Making money: Dynamic Ad Insertion
Dynamic ad insertion is big in America – because it solves the how-to-monetise problem.
OTT is great because it helps cable operators offer a better viewing experience and hold on to subscribers in the face of stiff competition. But once they’ve done that… they need to monetise!
One way to do this is by delivering ads that target the specific people viewing the content at that moment. The beauty of OTT is that it’s over the Internet – so it provides all the data you need to target ads effectively. Then all you have to do is show the right ad at the right time – adding it either from the client (Client-Side Ad Insertion) or from the server (Server-Side Ad Insertion).
But Client-Side Ad Insertion (CSAI) is prone to ad blockers – meaning it does not always reach the intended audience. It’s also a disruptive viewer experience, forcing the viewer to wait for the player to trigger the browser to ask the server which ad to play, and then receive the ad stream, before reverting back to the main video stream when the ad is over. It piles on wait after wait.
That’s why Server-Side Ad Insertion (SSAI) has become crucial. It by-passes the ad-blockers, making sure that viewers actually see the ads; and it improves the viewing experience, by delivering a seamless video stream with the ads stitched right in.
And there were plenty of demos of dynamic ad insertion (server-side) at Cable-Tec Expo. ARRIS, for example, showed how its products could insert ads into HLS services via manifest manipulation. This enables delivery both to IP clients (such as Apple TV) by using OTT in their core network, and to legacy QAM set-top boxes by converting ABR to MPEG-2 TS. So members of the same houeshold using different clients can receive the same targeted OTT ad, if that ad targets their geographical location.
It’s funny how ABR – and not Multicast IP transport approaches – was being converted to MPEG-2 TS in this demo. Previously, operators were implementing ABR OTT platforms as an afterthought. They did this in parallel to their Multicast IPTV – which was the main delivery method. In this case, ABR is the common source format for the video. Which leads me to the next point.
Cutting costs: ABR
The other thing I picked up on is that ABR is becoming the de-facto approach for the video backbone distribution.
While ABR is not new, ABR formats are becoming dominant in all areas of video delivery. Previously, Multicast operators used IP transport approaches to deliver streams to set-top boxes on their network, and added ABR OTT for delivery to the CDN (Content Delivery Network) on and off their network. So content quality was uneven across different platforms and two distinct infrastructures had to be maintained.

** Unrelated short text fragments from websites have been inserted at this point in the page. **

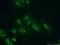 Protein Arginine Methyltransferase 1 antibody, 11279-1-AP, Proteintech Group, Immunofluorescence image 
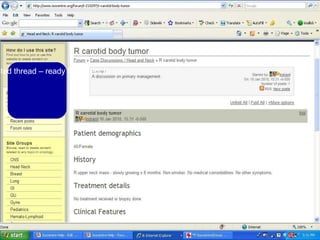 Here is the posted thread – ready for others to see. 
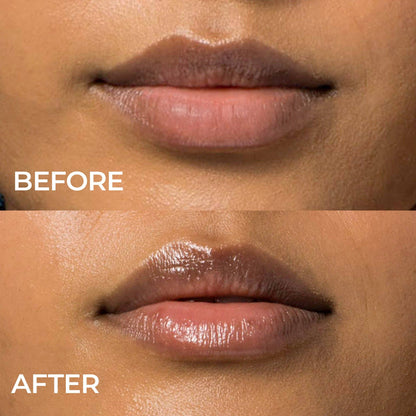 Indie Lee - Lip Remedy Mask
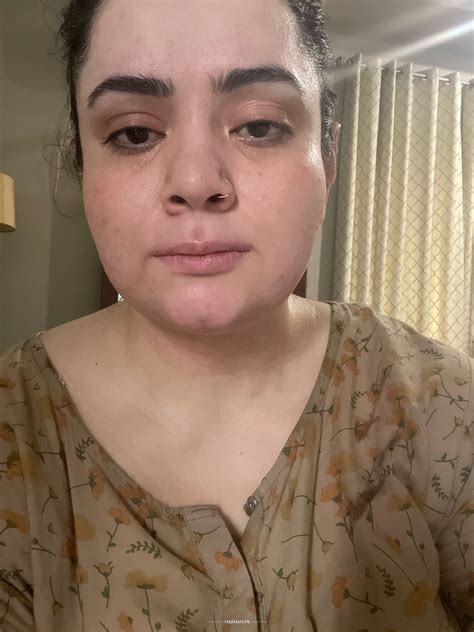 Ask a Dermatologist Online for Saggy Skin… Under Eye Bags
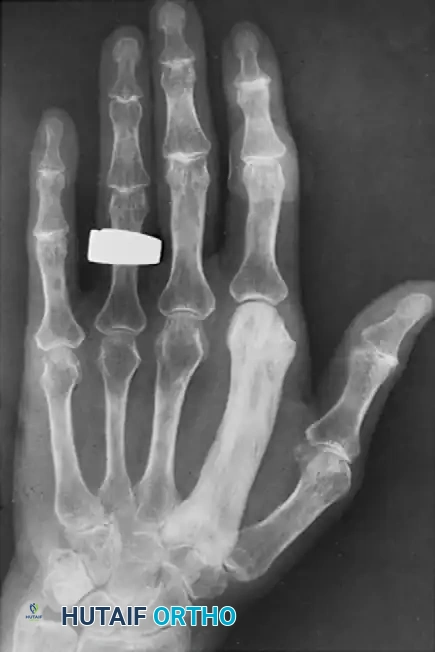 Fig. 74-39 Paget disease of second metacarpal. (From Haverbush TJ, Wilde AH, Phalen GS: The hand in Paget’s disease of bone: report of two cases, J Bone Joint Surg 54A:173, 1972.)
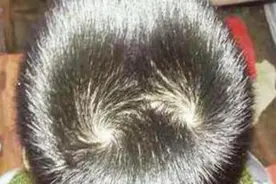 “一旋横二旋拧三旋打架猛”，头旋的“性格智商”论，唬到你了吗图片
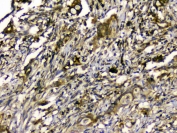 IHC staining of FFPE human rectal cancer with SIRT4 antibody at 1ug/ml. HIER: boil tissue sections in pH6, 10mM citrate buffer, for 10-20 min and allow to cool before testing.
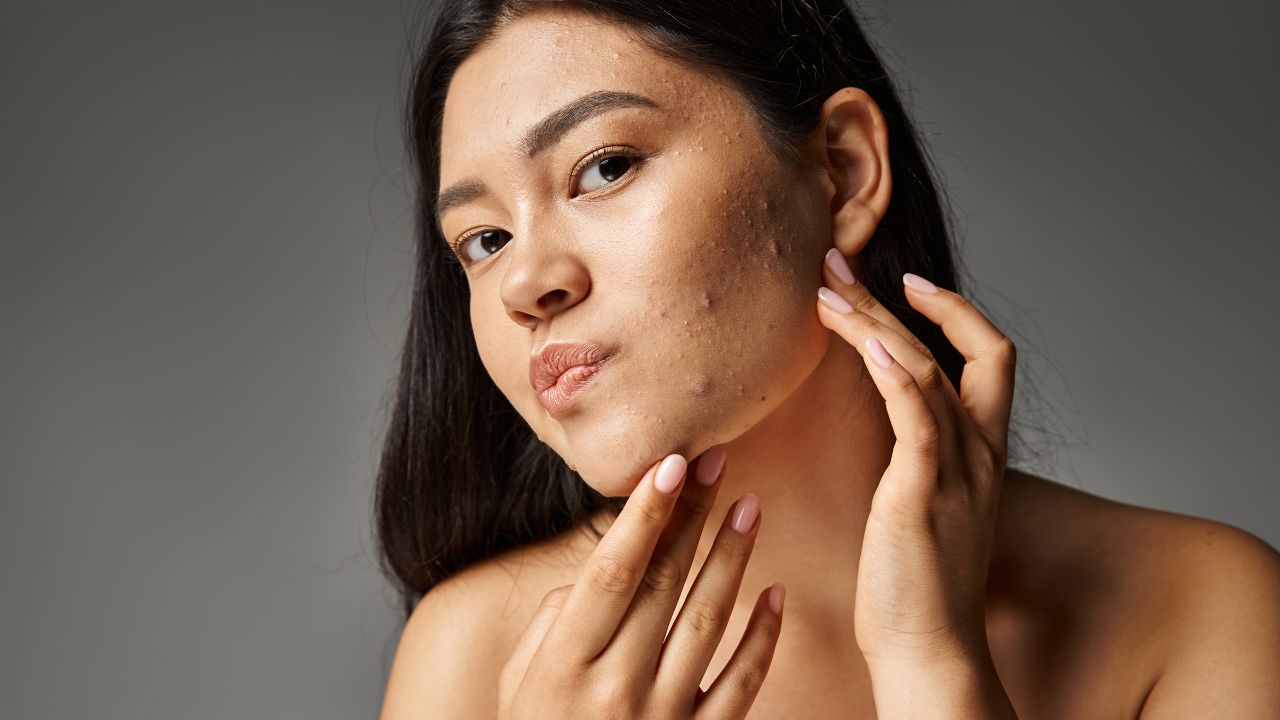 - Reduces and prevents acne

Now, ABR OTT is being pushed to the core and replacing Multicast IP transport approaches. This means that operators need to process video only once. This pushes costs down as service providers can migrate from their other delivery methods, because ABR OTT enables them to reach anyone who has an Internet connection and an Internet player.
A bright future
ABR is driving OTT costs down and Dynamic Ad Insertion is enabling monetisation. The future looks bright for next-generation TV in the Americas!